Open Source Document Management System | OpenKM - OCR function, PNG works except for PDF files

Reply

OCR function, PNG works except for PDF files

#31357 by fsouren
Fri Feb 20, 2015 12:28 pm

Hi,

I've got everything up and running on Ubuntu 14.04. The problem is OCR'ing PDF files.
If i convert them to PNG files on the commandline with "convert -density 200 -quality 90" and upload them to OpenKm everything gets recognized fine.
Only if i upload the source PDF file i only get garbage text, and can't full text search the document.

Settings are:

Code: Select all

org.apache.jackrabbit.extractor.PlainTextExtractor 
org.apache.jackrabbit.extractor.MsWordTextExtractor 
org.apache.jackrabbit.extractor.MsExcelTextExtractor 
org.apache.jackrabbit.extractor.MsPowerPointTextExtractor 
org.apache.jackrabbit.extractor.OpenOfficeTextExtractor 
org.apache.jackrabbit.extractor.RTFTextExtractor 
org.apache.jackrabbit.extractor.HTMLTextExtractor 
org.apache.jackrabbit.extractor.XMLTextExtractor 
org.apache.jackrabbit.extractor.PngTextExtractor 
org.apache.jackrabbit.extractor.MsOutlookTextExtractor 
com.openkm.extractor.Tesseract3TextExtractor 
com.openkm.extractor.PdfTextExtractor 
com.openkm.extractor.AudioTextExtractor 
com.openkm.extractor.ExifTextExtractor 
com.openkm.extractor.SourceCodeTextExtractor 
com.openkm.extractor.MsOffice2007TextExtractor

Code: Select all

system.imagemagick.convert	String	/usr/bin/convert -density 200 -quality 90
system.ocr	String	/usr/bin/tesseract ${fileIn} ${fileOut} -l nld
system.swftools.pdf2swf	String	/opt/openkm-6.3.0-community/tomcat/bin/pdf2swf -f -T 9 -t -s storeallcharacters ${fileIn} -o ${fileOut}
system.openoffice.dictionary	String		
system.openoffice.path	String	/usr/lib/libreoffice
system.pdf.force.ocr	Boolean	Inactive

Anyone who has the golden answer for me?

Username

fsouren

Rank

Junior Boarder

Posts

20

Joined

Fri Feb 20, 2015 12:22 pm

Re: OCR function, PNG works except for PDF files

#31375 by jllort
Sat Feb 21, 2015 10:18 am

Do you come from a migration or new installation ( because I suspect org.apache.jackrabbit should be com.openkm, anyway this is not the reason why is not going right ).

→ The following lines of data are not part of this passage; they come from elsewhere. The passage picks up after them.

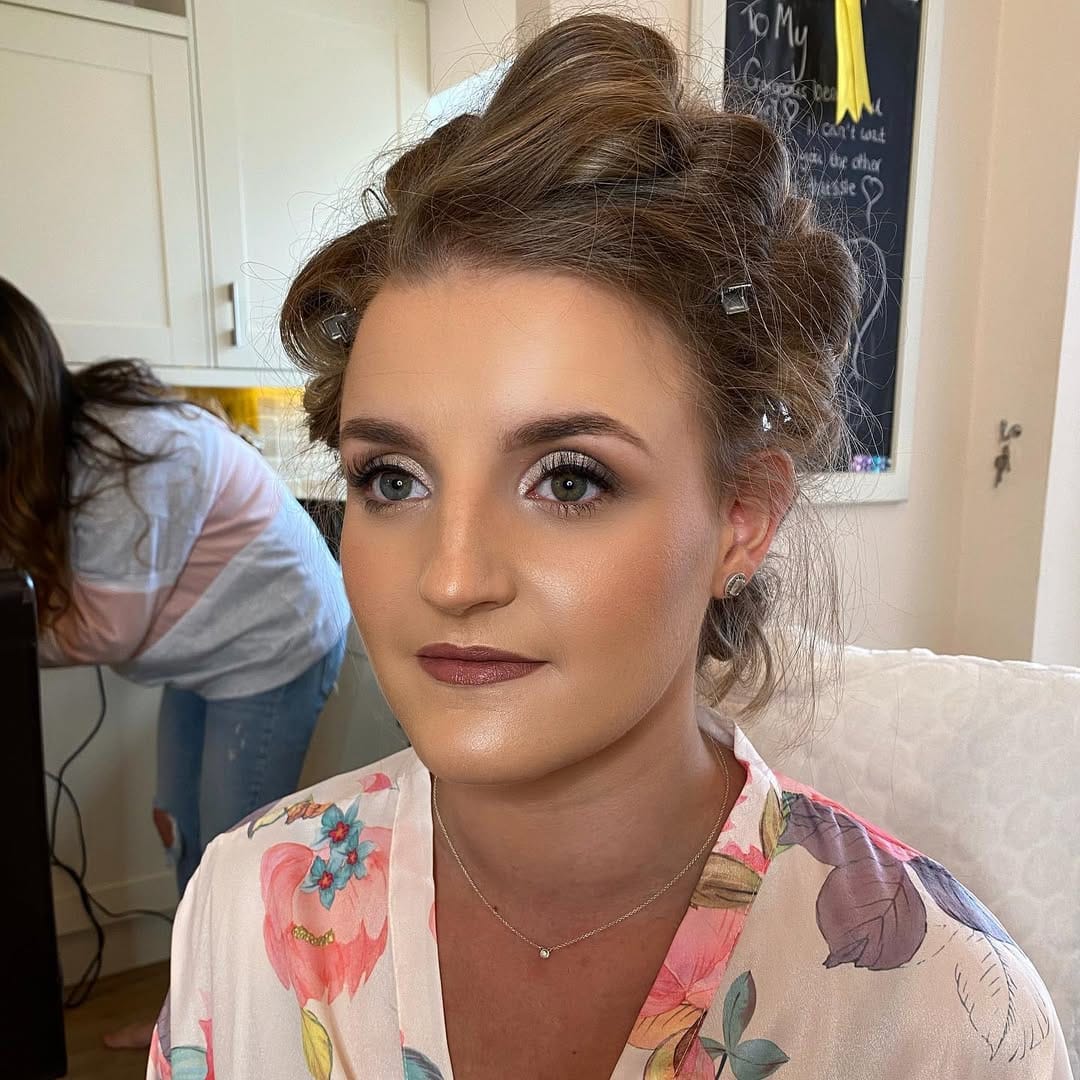 Post 5 by SAM OCONNOR MAKEUP on Instagram (carousel)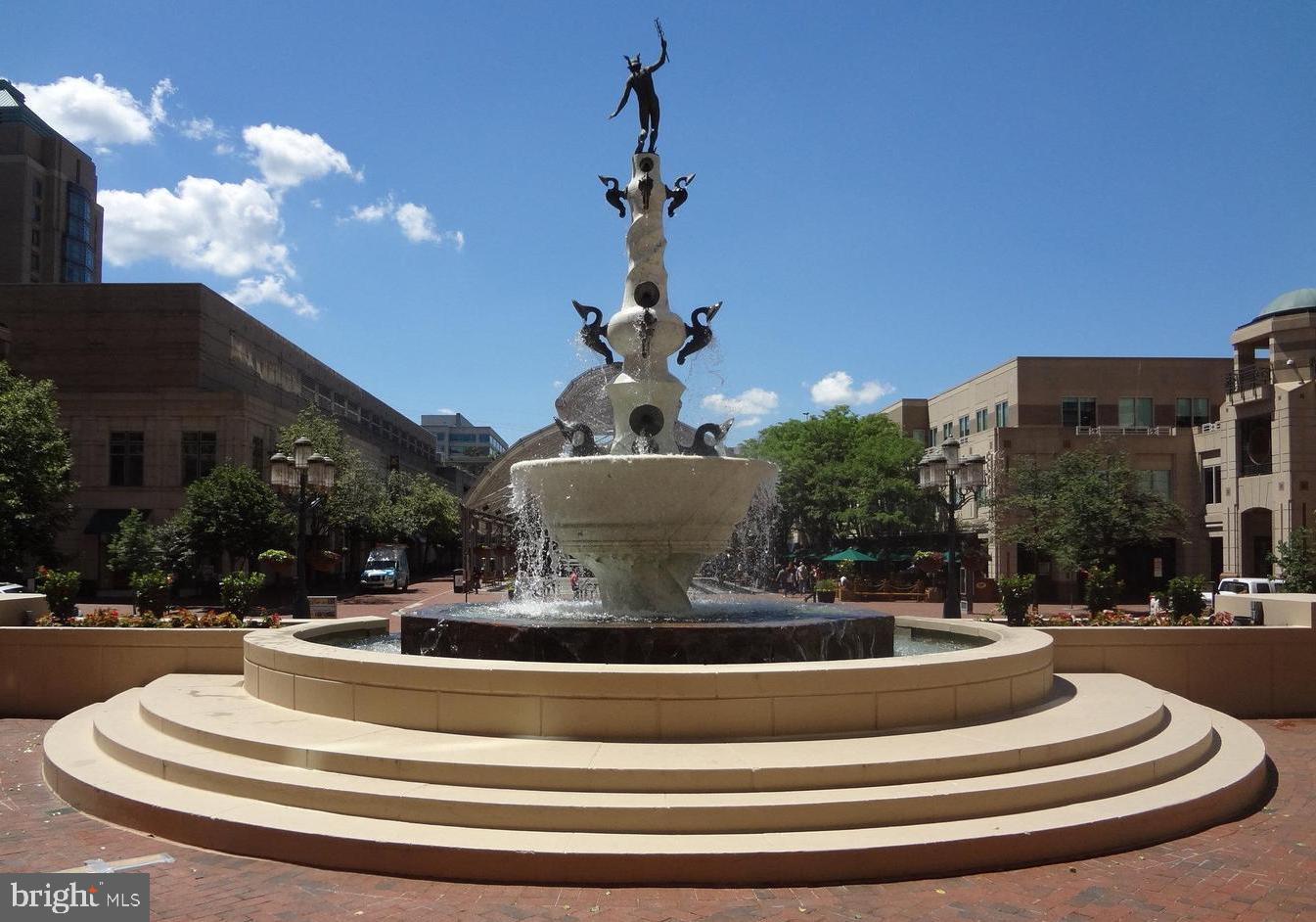 1650 PARKCREST CIRCLE Unit: 100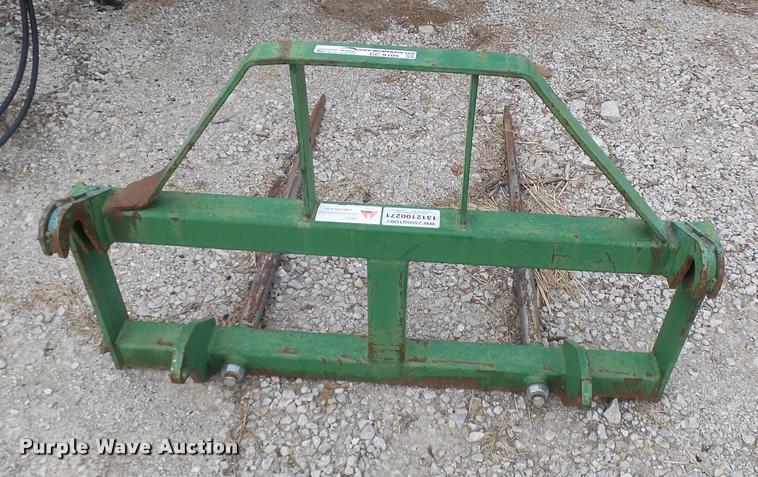 image for item CC9105 John Deere bale spear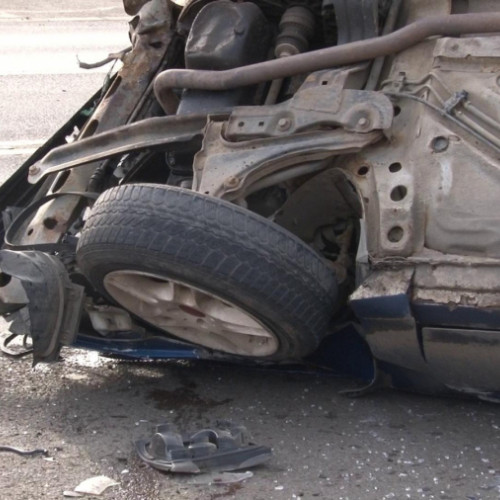 Un bărbat din Ghidigeni, de 41 de ani, și-a complicat viața după ce a urcat baut la volan și a provocat un accident rutier. Conform sursei viata-libera.ro, individul a pornit cu mașina pe drumul național DE 581, chiar dacă fusese băut zdravăn. La un moment dat, el a pierdut controlul volanului și a ieșit de pe carosabil, răsturnându-se pe câmp.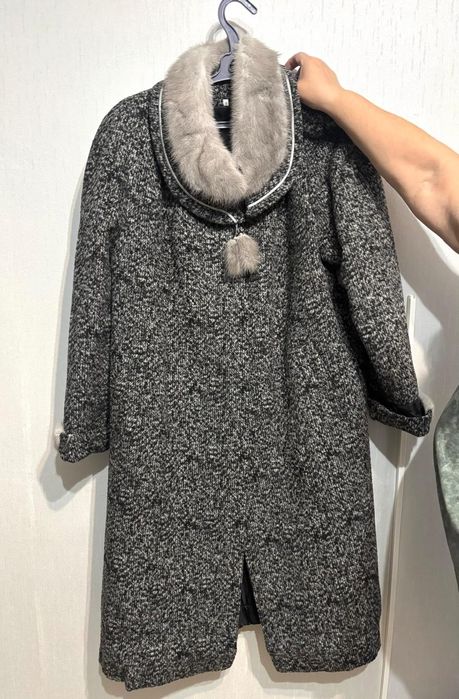 Продам женское зимнее пальто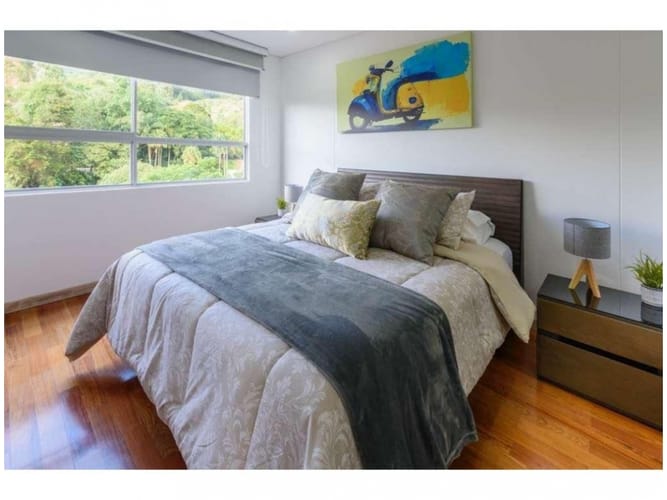 Apartamento de 3 alcobas en venta en Los Naranjos, Medellín, 222 m² · foto 15 de 19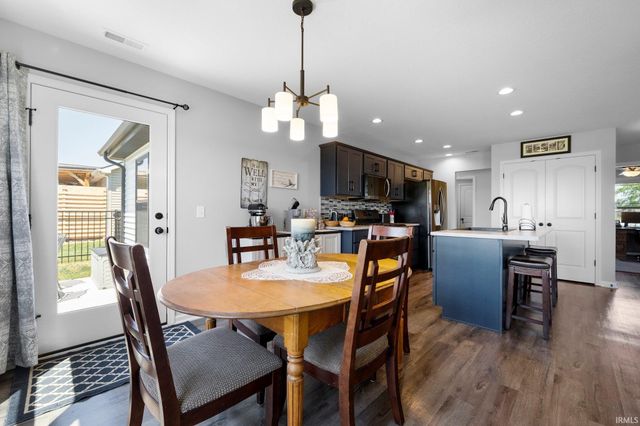 9086 Matthew Spring Run, New Haven, IN 46774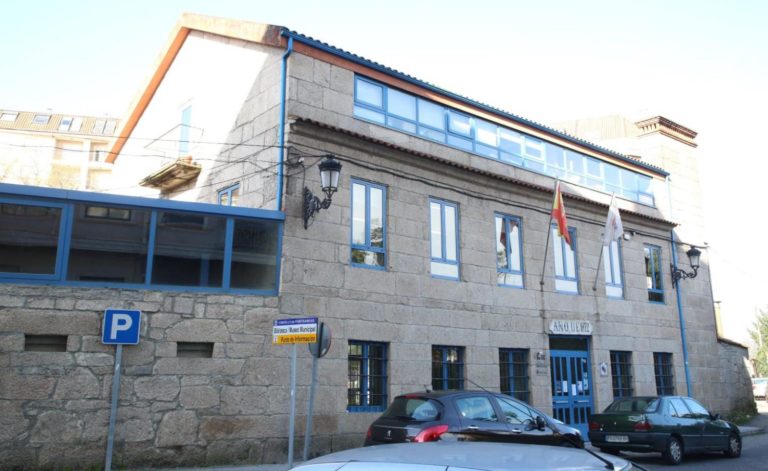 A Biblioteca Pública Municipal de Ponteare abre de novo hoxe mércores no seu horario habitual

Upgrate to nighly build because there are some corrections you can find it at integration.openkm.com upgrade guide is here http://wiki.openkm.com/index.php/Migrat ... 3_to_6.3.1

Can you upload here the two files into zip ( for testing purpose ).

Username

jllort

Rank

Moderator

Posts

12185

Joined

Fri Dec 21, 2007 11:23 am

Location

Sineu - ( Illes Balears ) - Spain

Contact

Re: OCR function, PNG works except for PDF files

#31382 by fsouren
Sun Feb 22, 2015 7:21 am

Thanks for the reply! Its a fresh new install.

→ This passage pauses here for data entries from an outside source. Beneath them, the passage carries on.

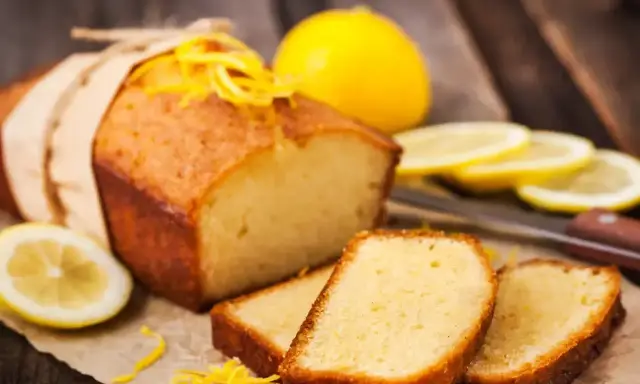 Pyszna babka piaskowa, pachnąca cytryną, jak z babcinego przepisu. Idealna na deser.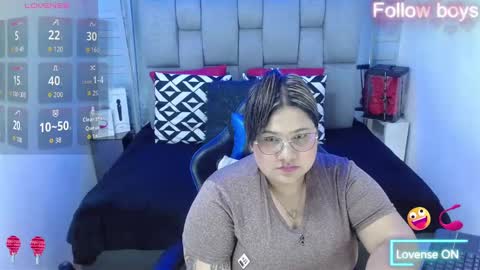 Snapshot of evelin_zaens chatting on 10-14-25, 04:57 evelin zaens online show from 10-14-25, 04:57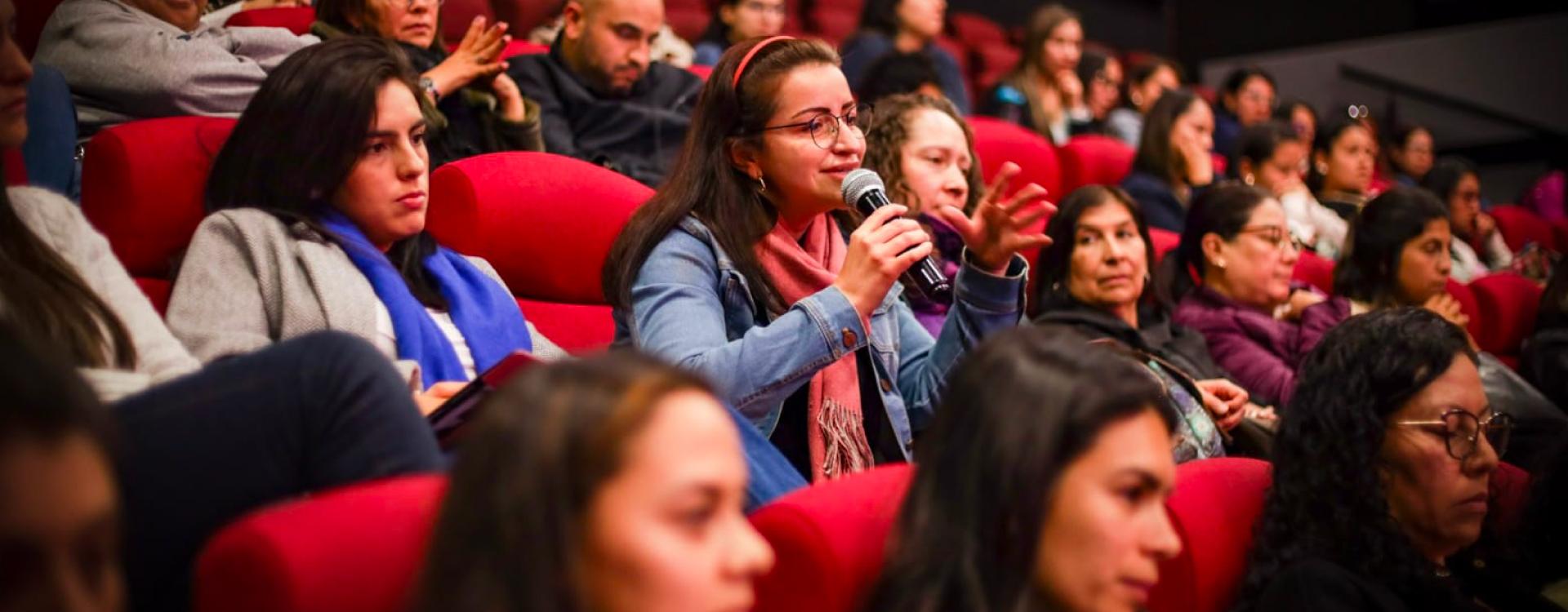 Mujeres en evento de SDMujer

Stopping Tomcat and editing the OpenKM.cfg i can do, but how can i execute the query when OpenKM/Tomcat is not running?

I can do a fresh install of the new .WAR file is included in the ISO file, if that is necessary.

Username

fsouren

Rank

Junior Boarder

Posts

20

Joined

Fri Feb 20, 2015 12:22 pm

Re: OCR function, PNG works except for PDF files

#31387 by jllort
Sun Feb 22, 2015 6:07 pm

If you replace OpenKM.war for nighly build ( integration.openkm.com ) and set hibernate.hbml=create, then the repository and all database will be clean and created.

Username

jllort

Rank

Moderator

Posts

12185

Joined

Fri Dec 21, 2007 11:23 am

Location

Sineu - ( Illes Balears ) - Spain

Contact

Re: OCR function, PNG works except for PDF files

#31396 by fsouren
Mon Feb 23, 2015 10:07 am

Hi,

I replaced the .WAR on a fresh install just to be sure.
I'll upload the whole PDF which i tried, and 1 PNG file which i extracted manually with "convert -density 200 -quality 90".
PDF is not OCR correctly, but the PNG is if i upload it.

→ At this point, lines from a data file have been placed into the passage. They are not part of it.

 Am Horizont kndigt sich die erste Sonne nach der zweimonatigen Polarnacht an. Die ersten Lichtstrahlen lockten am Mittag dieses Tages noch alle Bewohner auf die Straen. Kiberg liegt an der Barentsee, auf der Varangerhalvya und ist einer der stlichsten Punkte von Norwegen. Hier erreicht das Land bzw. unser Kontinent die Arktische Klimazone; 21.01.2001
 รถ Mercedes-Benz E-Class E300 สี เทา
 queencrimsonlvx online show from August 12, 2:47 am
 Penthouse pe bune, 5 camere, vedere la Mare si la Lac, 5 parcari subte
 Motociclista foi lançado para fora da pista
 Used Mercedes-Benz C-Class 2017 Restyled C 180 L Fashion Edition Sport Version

http://www.famsouren.nl/vastgoed-2.png
http://www.famsouren.nl/vastgoed_juli_2014.pdf

Username

fsouren

Rank

Junior Boarder

Posts

20

Joined

Fri Feb 20, 2015 12:22 pm

Re: OCR function, PNG works except for PDF files

#31398 by fsouren
Mon Feb 23, 2015 4:00 pm

If i execute the exact same commands at the commandline, OCR works well.
These are the command as configured in OpenKM.

Code: Select all

/usr/bin/convert -density 200 -quality 90 vastgoed_juli_2014.pdf vastgoed.png
/usr/bin/cuneiform -l dut -o ocr.txt vastgoed-2.png

Does OpenKM treat these commands different?

Username

fsouren

Rank

Junior Boarder

Posts

20

Joined

Fri Feb 20, 2015 12:22 pm

Re: OCR function, PNG works except for PDF files

#31408 by fsouren
Tue Feb 24, 2015 11:36 am

Is it possible to let OpenKM execute this command:

/usr/bin/convert -density 200 -quality 90 vastgoed_juli_2014.PDF vastgoed.png

for example to place it like this (i've tried it but i don't think OpenKM does)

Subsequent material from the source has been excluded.